As to the marriage of the Duke Palatine, we know that when he took leave of the Queen, he went to Lady Mary, and conversed with her for more than an hour, although she was indisposed. She received him well, but some of the principal people in the realm, clergy and others, exhibit displeasure at the Duke's public remark to them that he had never heard mass until he came hither. For this and other reasons the marriage is not liked, which may well frustrate the object, whatever it may be. Your Majesty will be better able to learn the truth about the coming of the Duke and the mission of Secretary Mason; and also of the understanding the King may have with the Duke Maurice of Saxony and the Marquis Albert of Brandenburg, with whom we are informed he has his agents, although the latter are not persons of importance.
We have entered into conference with the King's Commissioners with regard to the customs tariff (fn. 2) (tonlieux) and the claims of your Majesty's subjects. The Commissioners are Sir William Petre, one of the principal secretaries of the King, and Nicholas Wotton, formerly ambassador to your Majesty; and we have found them ready to adopt a reasonable and equitable view. We are, however, afraid that the embargo of their ships in Spain, of which the release is refused, even against security, will render our task extremely difficult; the more so, as they say they were told in Spain that the ships would not be released on security for your Majesty's ambassador, or even for your Majesty yourself. This gave to Paget, who was authorised to settle Renegat's affair, the opportunity of saying to us that he would have no more to do with it; and that the only way for them was to make peace (i.e. with France).
London, 12 April.
April 12. Vienna. Imp. Arch.244. Scepperus and Van der Delft to the Queen Dowager.

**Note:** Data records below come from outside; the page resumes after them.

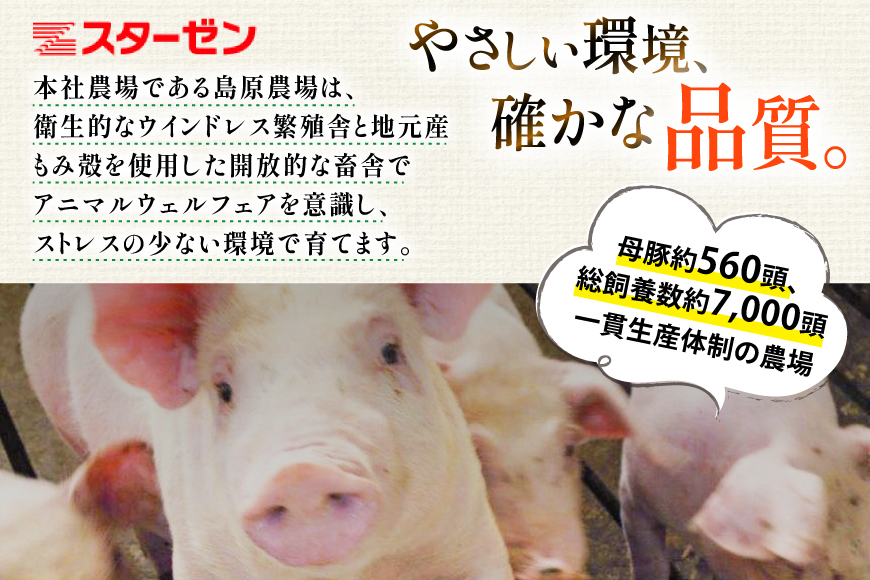 AK031 豚ロース 生姜焼き用 500g 3パック 計1.5kg [ 豚肉 ロース 小分け 肉 お肉 BBQ バーベキュー 焼肉 アウトドア スターゼン 長崎県 島原市 ]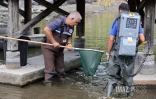 transfer des poissons du bassin de la trinite 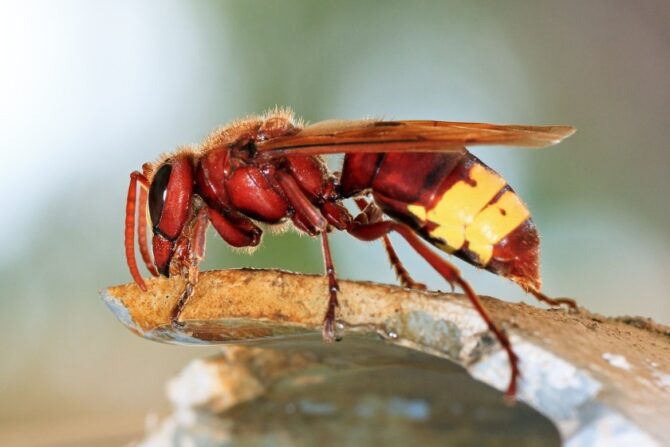 Oriental Hornet (Oriental Hornet)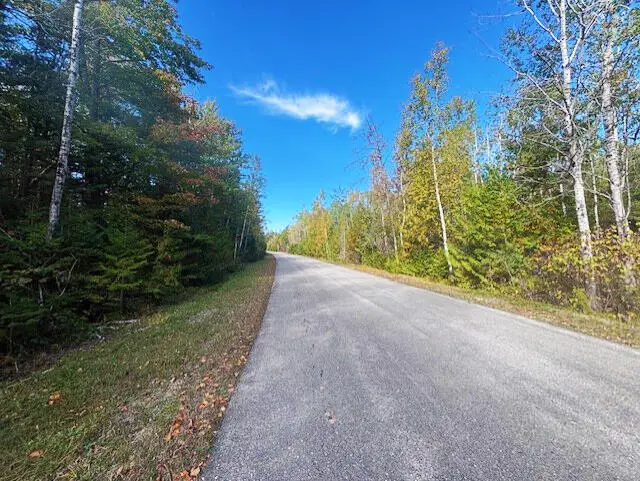 Lot 181 Northland Heights Drive, Presque Isle, MI 49777 - Image #3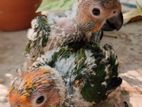 Sun Conures Birds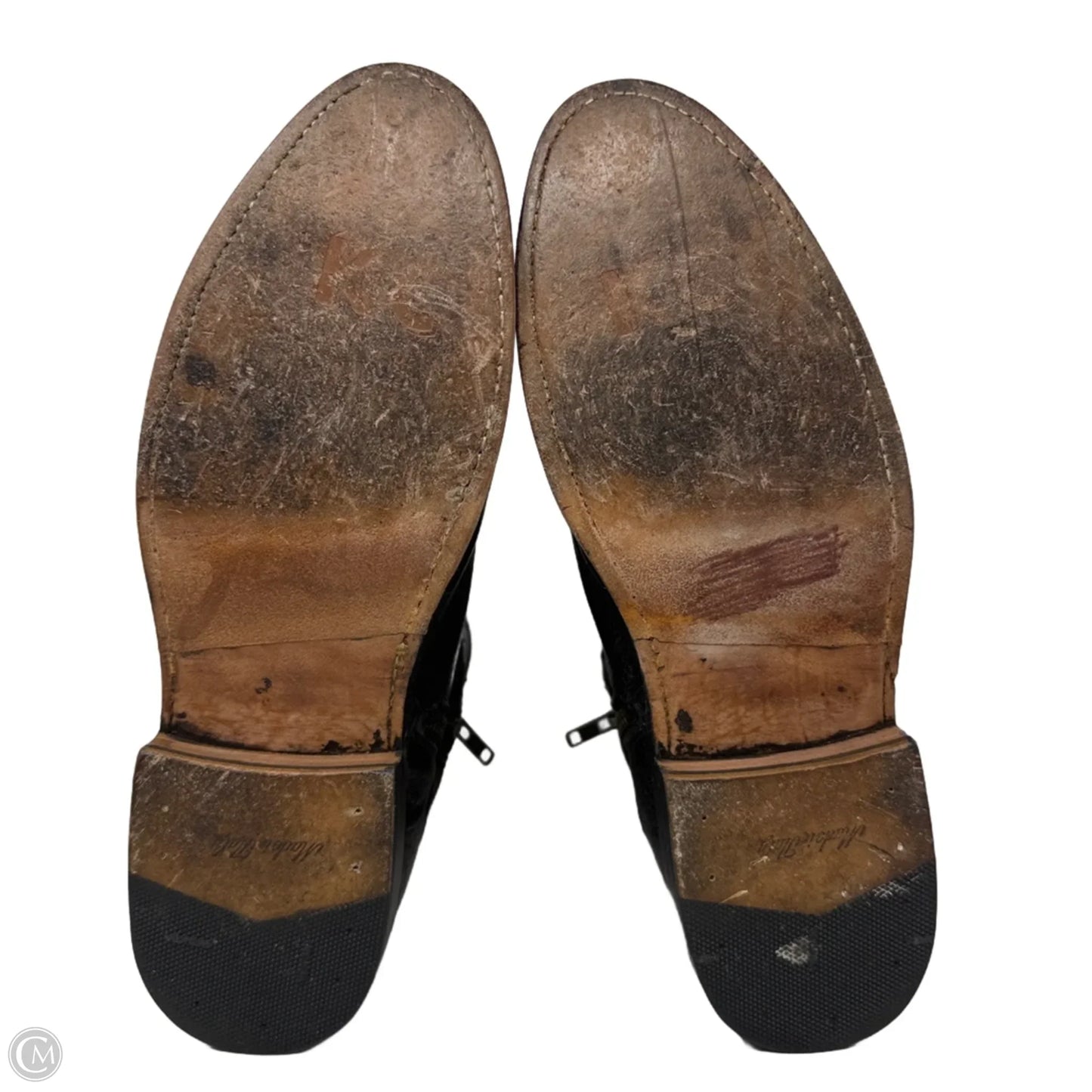 Jayden Cross Strap Moto Ankle Boots Designer By Frye In Black, Size: 10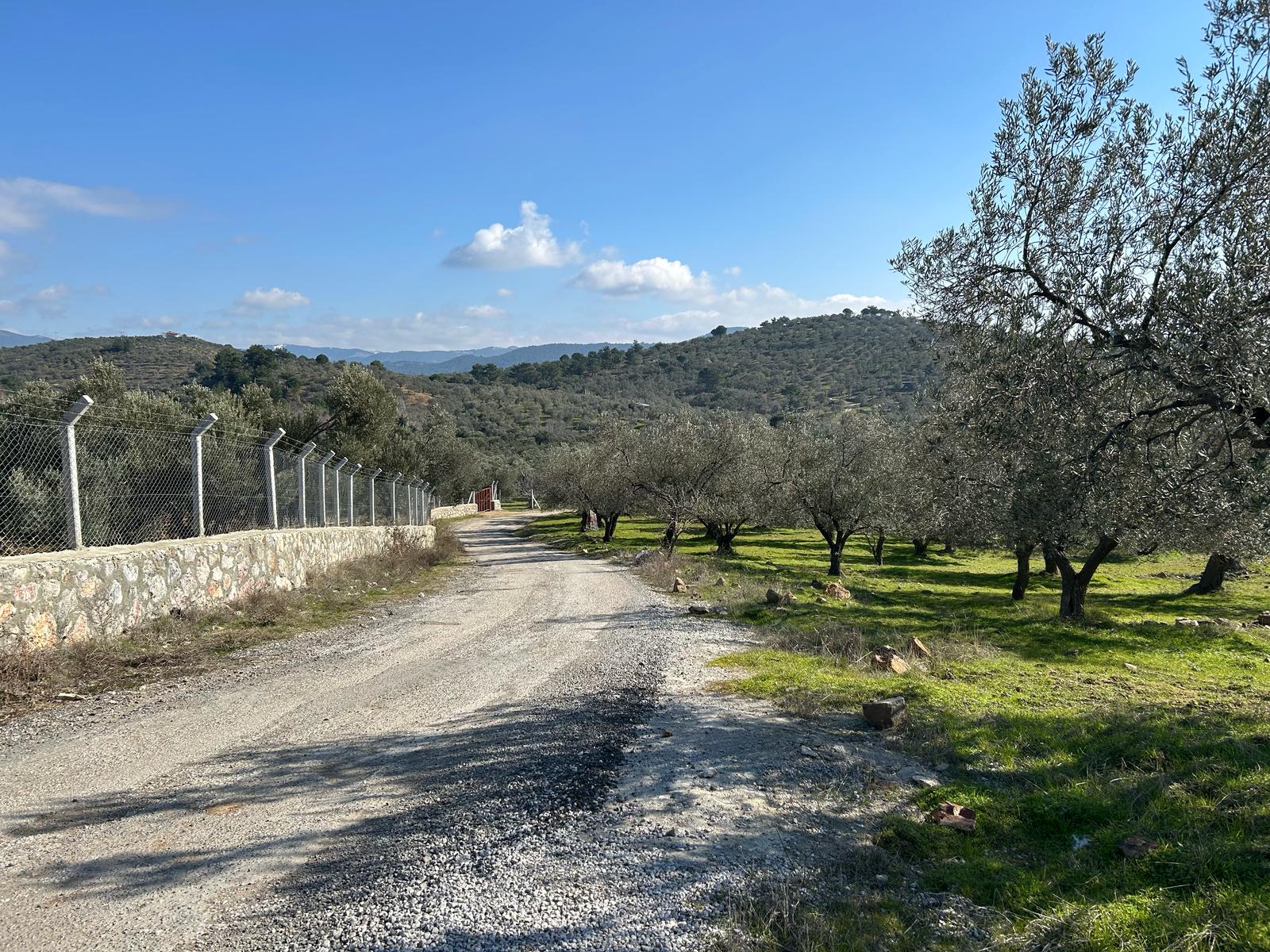 DERELİ'DE SATILIK 9939 M2 ANAYOL CEPHELİ ZEYTİNLİK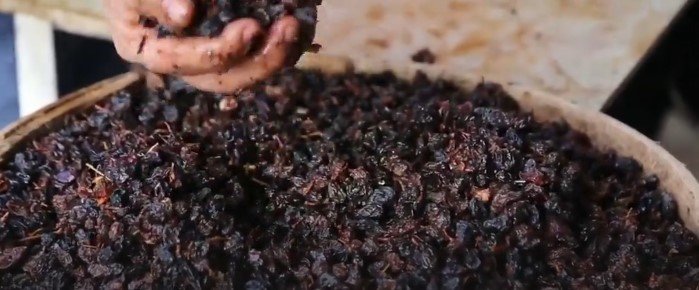 توسيع إنتاج الزبيب: دعم اقتصادي وتقليل الفاقد الزراعي في المنوفية
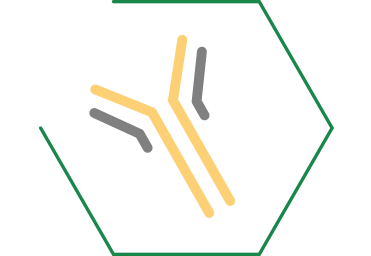 Aiuta con la produzione naturale di anticorpi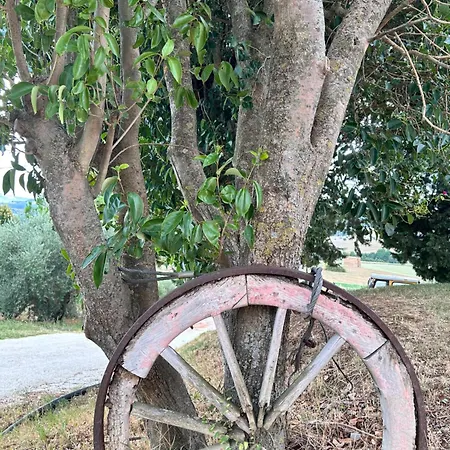 Collamato * San Severino Marche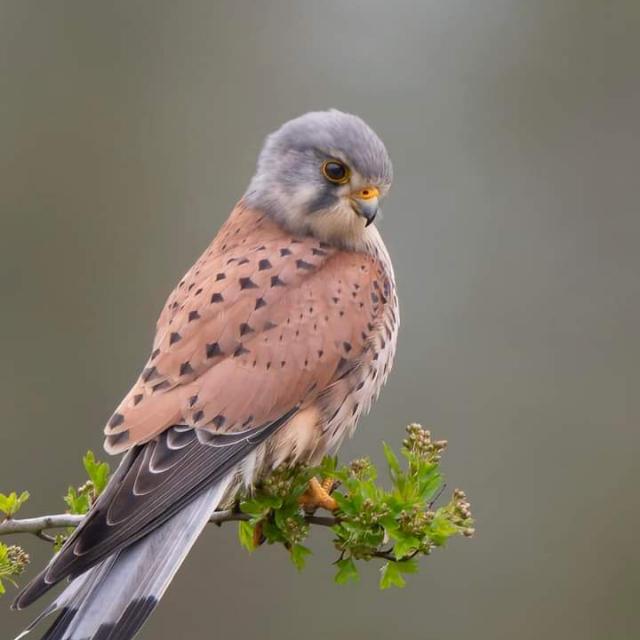 ?شکاری گروپ ?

Your Majesty will learn from our letters to the Emperor what has passed here with regard to the Duke Philip, Count Palatine. It is said that he will cross the sea as soon as the wind serves, and if not he will go by way of Calais. To-day we shall inspect the Customs registers and tax accounts, and, so far as we can judge, these people are proceeding honestly in the matter. We have every hope of settling the first point, in accordance with equity and reason.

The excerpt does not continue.